A Brief Note on Knowledge
Technologies
by Hans-Georg Stork, Luxembourg
Issues and challenges
Knowledge is a prerequisite for
acting purposefully in a given environment or domain (decision making,
planning, collaborating, etc.). Knowledge is always about something:
objects, processes, phenomena, etc.
In order to be amenable to "automated
(i.e. computer-implementable) solutions"
knowledge must be formally represented. Computer-based representations
of knowledge about objects and processes (digital or not)
capture, to a certain extent, the semantics
of these objects and processes (including e.g. people, papers,
articles, reports, books, recipes, databases, still and moving images,
graphs, product and service descriptions, etc.).
Adding
(automatically or interactively) explicit semantics to (static)
content, services and processes (and thereby producing
knowledge representations) is one of the key functions of Knowledge
Technology tools.

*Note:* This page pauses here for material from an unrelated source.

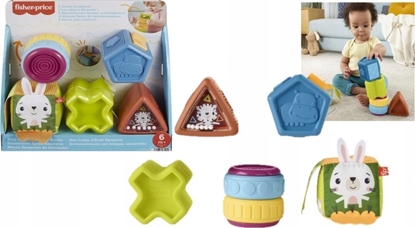 Изображение Mattel FP KLOCKI SENSORYCZNE HXK48 PUD2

They (help to) generate and record the "meta-knowledge"
(about digital content of all sorts) that makes all other forms (such
as scientific and scholarly papers) of knowledge (and often nonsense)

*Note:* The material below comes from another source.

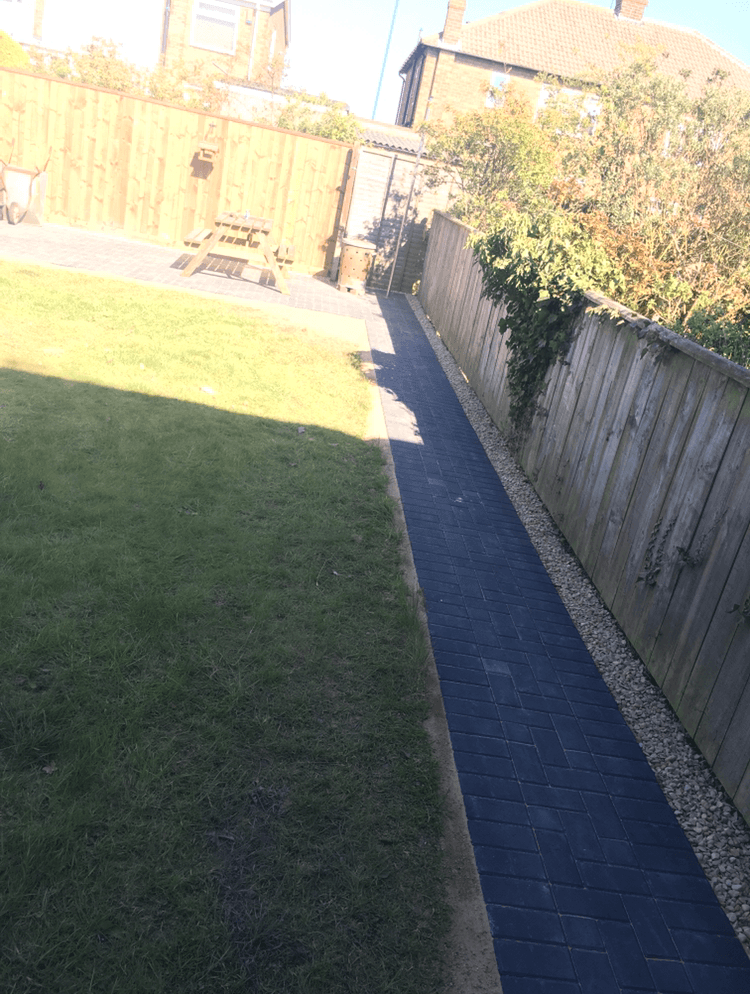 asphalt walkways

more accessible and usable.
Content-/service-providers and
end-users need to be made aware of the benefits of adding explicit
semantics to content. This is largely a "critical
mass" or "chicken and egg" problem: adding
semantics to content (and services) does not pay off if no tools are
available to make good use of it while developing tools does not pay
off if there is little semantically-enriched content to work on.
Open source
development of suitable software geared in particular towards very
large scale open distributed systems for knowledge management and use,
on platforms such as the World Wide Web, may be a viable ("piecemeal
engineering") approach to achieving this critical mass. These
developments could address simple applications, of interest to as many
people as possible, such as personal information management (PIM) or
e-publishing (scientific and scholarly preprints), demonstrating the
value of adding explicit semantics to content.
"Acting upon
semantically-enriched content (including service
descriptions)" refers to a second important class of functions to be
provided by Knowledge Technology tools and
artefacts.
In order to make the most of
semantically-enriched content in open distributed systems agents must
"understand" each other, they must be interoperable.

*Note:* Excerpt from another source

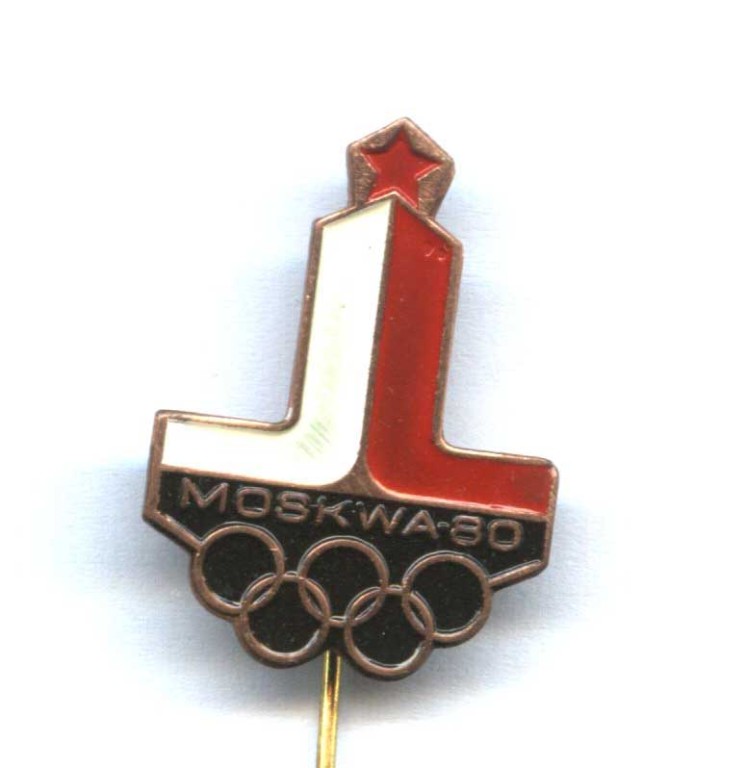 Odznaka wpinka olimpijska Moskwa 1980 PKOL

This must be guaranteed at all levels: syntactic, semantic and
pragmatic. Solutions to interoperability problems require specific
models and tools (e.g. for mappings between
representation formalisms/standards) and may also
need specific organisational underpinning.
Interoperability is indeed only
one (yet important) aspect of the quality
of knowledge representations and tools. Other aspects include scalability
and usability. To ensure the
overall quality of such artefacts a coherent and well organised process
of test, evaluation, assessment and certification is desirable.
Strong business cases
for the cost-effective use of Knowledge Technologies
in corporate and/or commercial environments must be further elaborated.
Specific examples include
- workflow and collaboration support,
- proactive portals for community building,
- retrieval, filtering, profiling and recommender
systems, as well as
- document change and innovation management.
Trustability, privacy
and other social issues should be taken into
account at both the design and operation stages of knowledge-based
systems. Target areas such as "customer relationship management" (CRM)
or "e-government" are particularly sensitive in this regard.
Knowledge Technologies
draw on various Computer Science sub-disciplines such as formal
modelling, logics and languages, information retrieval, (multimedia)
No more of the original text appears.